Zeer vooruitstrevend voor zijn tijd, sportman en promotor van een opgerichte voetbalclub werd deze baas van Le Lis de spil van het sportgebeuren, de man die op patriarchale manier voor zijn arbeiders zorgde, even gekend als een burgemeester, populair en toch gevreesd. De uitbouw van de fabriek bracht met zich de vestiging van Nederlandse families mee, als bedrijfsleider, technisch en administratief hoger kader, in de volksmond gekend als “de Hollanders”. Als stonden ze vaak niet in het dorpsleven, toch hadden hun gewoonten en gedragingen ontegenzeggelijk hun invloed op de Hamse gemeenschap. Veel groter echter was de invloed in een steeds uitbreidende fabriek. Een voor zijn tijd modern fabrieksbeleid, sterk verschillend met de Hamse familiebedrijven, zorgde voor een snelle technische en commerciële uitbouw, met zich meebrengend een toenemend aantal werkkrachten (1280 in de topperiode). Le Lis werd een begrip in Hamme, Le Lis was toonaangevend en stabiel.
In 1933 ontstond een tapijtweverij met ververij en droogkamers. De oude bros- en moerzoekwevers leerden de modernste geouwen bedienen en de Lis groeide. De ingang van de fabriek was toen nog in de Hoogstraat, waar, samengedrukt tussen de kleine huizekens in de smalle straat, de burelen en magazijnen te klein werden. In het baantje werd van hovenier Hutsebout een groot stuk grond gekocht, waar onder de leiding van de jonge directeur, C. Bosman, nieuwe gebouwen ingeplant werden: een bankweverij, schaftlokalen, burelen en een grote sisalspinnerij. Een nieuwe jute-afdeling was nog maar nauwelijks in het bedrijf, of een staalkabelcomplex rees uit de grond.
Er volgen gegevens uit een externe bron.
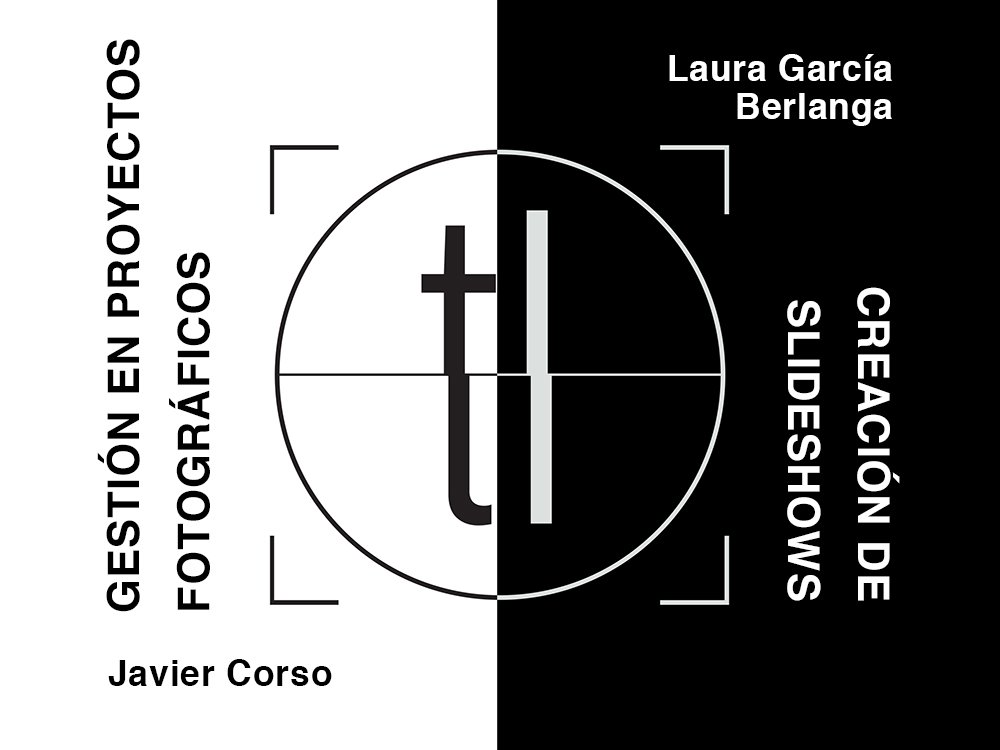 territoriosfoto's tweet photo. Talleres FEBRERO-MARZO, empezamos ya!! @javiercorso @fotocanbaste https://t.co/2AQcg5KZNp https://t.co/juV7YVMFTo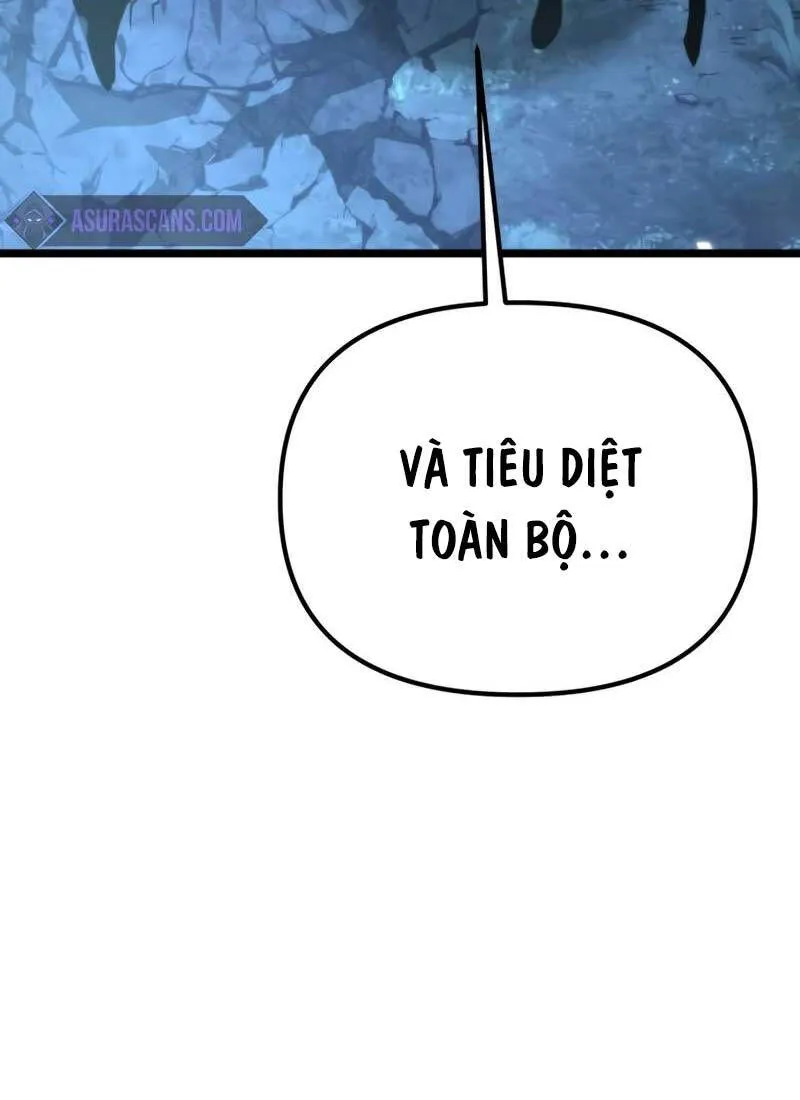 Trang 91
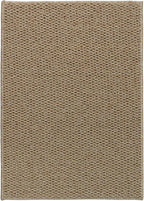 5x7 Area Rugs - Rug for Living Room, Washable Area Rugs 5x7 for Bedroom by PhonzenuoCarpet
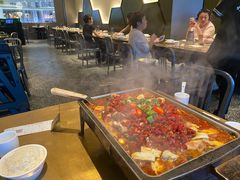 -炉鱼(萧山万象汇店)
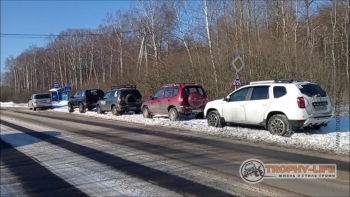 Фото Трофи-лайф 4х4 покатушка Подвиги Русского Солдата 23.02.23 - 118.jpg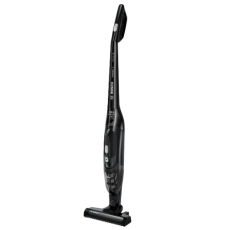 Пылесос BOSCH BCHF216B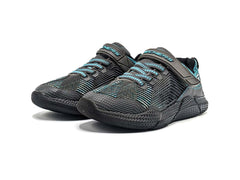 Skechers Intersectors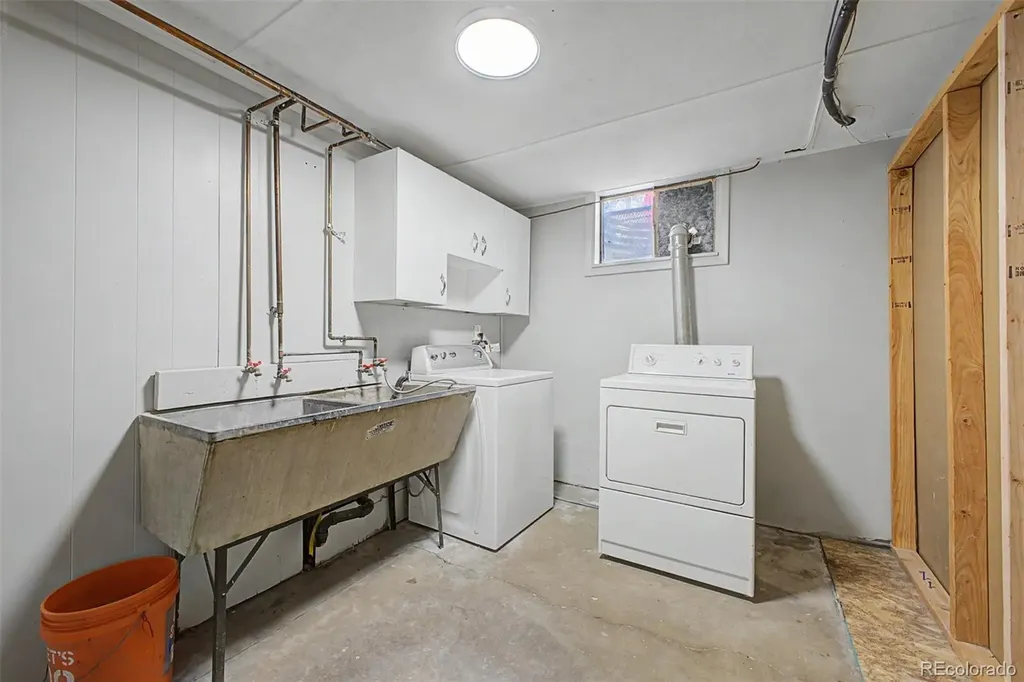 4300 E Utah Place Denver CO 80222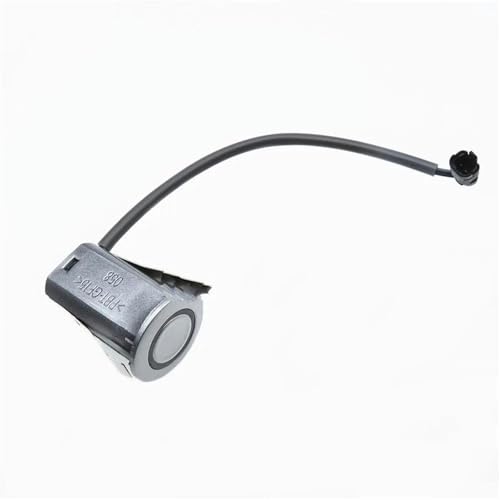 �X���b�g���|�W�V�����Z���T�[ �p ���N�T�X PZ362-00208 PZ362-00209 188300-4110 188300-9630 PDC �p�[�L���O�Z���T�[�� Parktronic(8)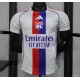 Maillot Olympique Lyon 25/26 Joueur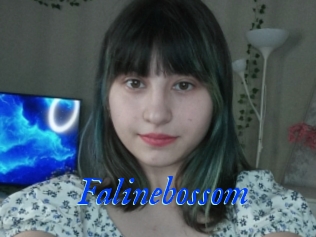 Falinebossom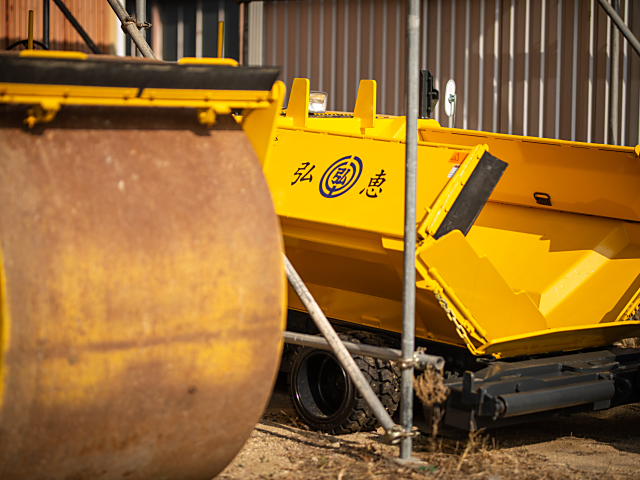 施工実績｜株式会社弘恵土建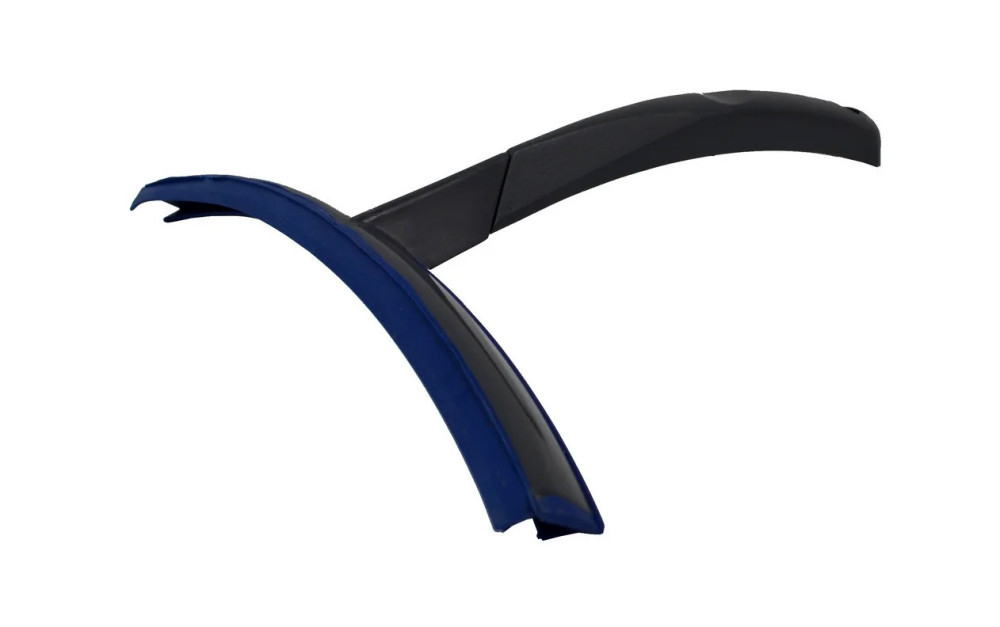 Image of Ablaklehúzó - 29cm fejszélességű, 24cm hosszú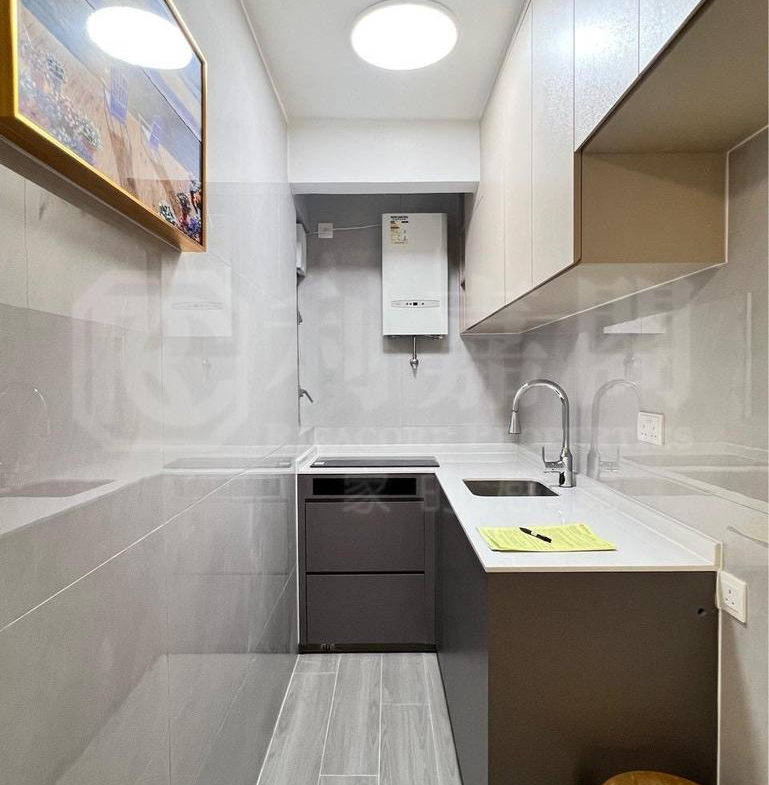 1759236378595df459-c553-4692-9cac-daac1358e259.jpeg 沙田第一城 4期 38座 - 28NTS – 香港北部都會區
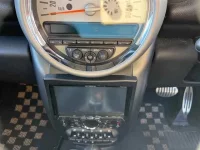 BMW MINI лот № 70035 оценка 3.5  с аукциона в Японии 5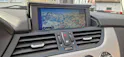 BMW Z4 35is sDrive DK Roadster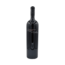 Bevan Cellars Sugarloaf Proprietary Red Magnum 2016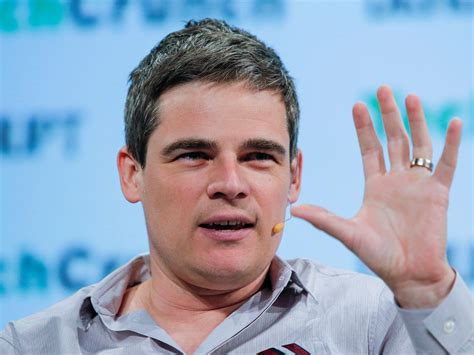 Good network of doctors available. Oscar Health just raised $375 million from Alphabet ...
Achter dit alles stond de hardwerkende Hammenaar, de eenvoudige man waarop men bouwen kon, en Le Lis bouwde. Waar tot heden een min of meer zelfstandige leiding het bedrijf dirigeerde, werden nu de familiebanden met het moederbedrijf in Nederland vaster. Benevens de uitbreiding van de staaldraadkabelafdeling werd de bouw van een nieuwe oogstgarenspinnerij verwezenlijkt, met als laatste aanwinst een extrusie-afdeling voor polypropgarens. Doorheen goede en moeilijke jaren werken de nazaten der Hamse touwslagers verder. De “Lis” werd een wereldfirma, wellicht de enige in zijn soort van harde vezelverwerking. Dit waren de gouden jaren, waar om iedere arbeider gevochten werd, geloofd en geprezen. Twaalfhonderd tachtig werknemers, drieploegen stelsel en autobussen die de arbeiders tot aan de Nederlandse grens ophaalden. Bals, St. Niklaas feesten, decoratie-uitreikingen van felbegeerde gouden en zilveren “Lisspeldjes”, lofwoorden met eten en drank voor de mannen en vrouwen van de Lis, gevierd en bejubeld.
Na 1970 veranderde het, eerst nauwelijks merkbaar, maar de kunstvezel werd meer en meer gebruikt in touwwerk en landbouwgarens. Er moest ontslagen worden. De mensen kregen afscheidspremies en prepensioen. Waarvoor moest men zich zorgen maken. De grote Lis ging echter geniepig naar zijn ondergang.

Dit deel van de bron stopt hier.